Gerry signed the redistricting bill in February 1812 – reluctantly, if his son-in-law and first biographer, James T. Austin, is to be believed. “To the governour the project of this law was exceedingly disagreeable,” Austin wrote in The Life of Elbridge Gerry in 1829. “He urged to his friends strong arguments against its policy as well as its effects. … He hesitated to give it his signature, and meditated to return it to the legislature with his objections.” But back then, Austin claims, precedent held that Massachusetts governors didn’t veto laws unless they were unconstitutional.

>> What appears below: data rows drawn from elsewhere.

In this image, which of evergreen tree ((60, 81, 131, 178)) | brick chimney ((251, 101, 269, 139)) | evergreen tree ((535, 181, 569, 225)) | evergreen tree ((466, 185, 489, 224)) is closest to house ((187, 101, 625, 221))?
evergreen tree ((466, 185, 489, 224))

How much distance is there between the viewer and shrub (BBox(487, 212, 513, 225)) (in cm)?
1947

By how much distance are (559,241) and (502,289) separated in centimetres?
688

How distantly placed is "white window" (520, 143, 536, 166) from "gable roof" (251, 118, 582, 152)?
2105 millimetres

But Gerry’s Federalist opponents saw the bill as another injury from his partisan vendetta. They responded with a satire so piercing, it has overshadowed all of Gerry’s other accomplishments in history. 

The word “gerrymander” was coined at a Boston dinner party hosted by a prominent Federalist in March 1812, according to an 1892 article by historian John Ward Dean. As talk turned to the hated redistricting bill,  illustrator Elkanah Tisdale drew a picture map of the district as if it were a monster, with claws and a snake-like head on its long neck. It looked like a salamander, another dinner guest noted. No, a “Gerry-mander,” offered poet Richard Alsop, who often collaborated with Tisdale. (An alternate origin story, which Dean found less credible, credited painter Gilbert Stuart, famed portraitist of George Washington, with drawing the monster on a visit to a newspaper office.)

Tisdale’s drawing, headlined “The Gerry-mander,” appeared in the Boston Gazette of March 26, 1812. Below it, a fanciful satire joked that the beast had been born in the extreme heat of partisan anger—the “many fiery ebullitions of party spirit, many explosions of democratic wrath and fulminations of gubernatorial vengeance within the year past.”

The gerrymander did its job, giving the Democratic-Republicans a bigger state Senate majority in Massachusetts’ April 1812 election, even though the Federalists actually got more votes statewide. But it couldn’t help Gerry, who lost the statewide popular vote for governor to Federalist challenger Caleb Strong.

President Madison awarded Gerry’s party loyalty with a consolation prize: the vice-presidency. Gerry joined Madison’s successful presidential ticket later in 1812. In his almost two years as vice-president, Gerry attended countless parties in official Washington and handled Democratic-Republicans’ patronage requests. He died, after complaining of chest pains, on November 23, 1814, at age 70.

It didn’t take long for Gerry’s namesake to take hold. By the 1820s, to “gerrymander” was already in wide circulation, according to H.L. Mencken’s The American Language. It entered Webster’s Dictionary in 1864 – and according to Mencken, the reason it wasn’t added earlier may have been because Noah Webster’s family was friendly with Gerry’s widow.

It’d be easy – too easy – to connect Gerry’s role in gerrymandering to his most famous comment at the Constitutional Convention, “The evils we experience flow from an excess of democracy.” Actually, across his long career, Gerry took principled stands for the Revolution, the American republic, limited government, and the Bill of Rights. But when his fears became obsessions, he overreacted and compromised his principles.

It’s an injustice that Gerry is best remembered for gerrymandering. It’s also a cautionary tale about the importance of sticking to one’s values in an era of partisan warfare.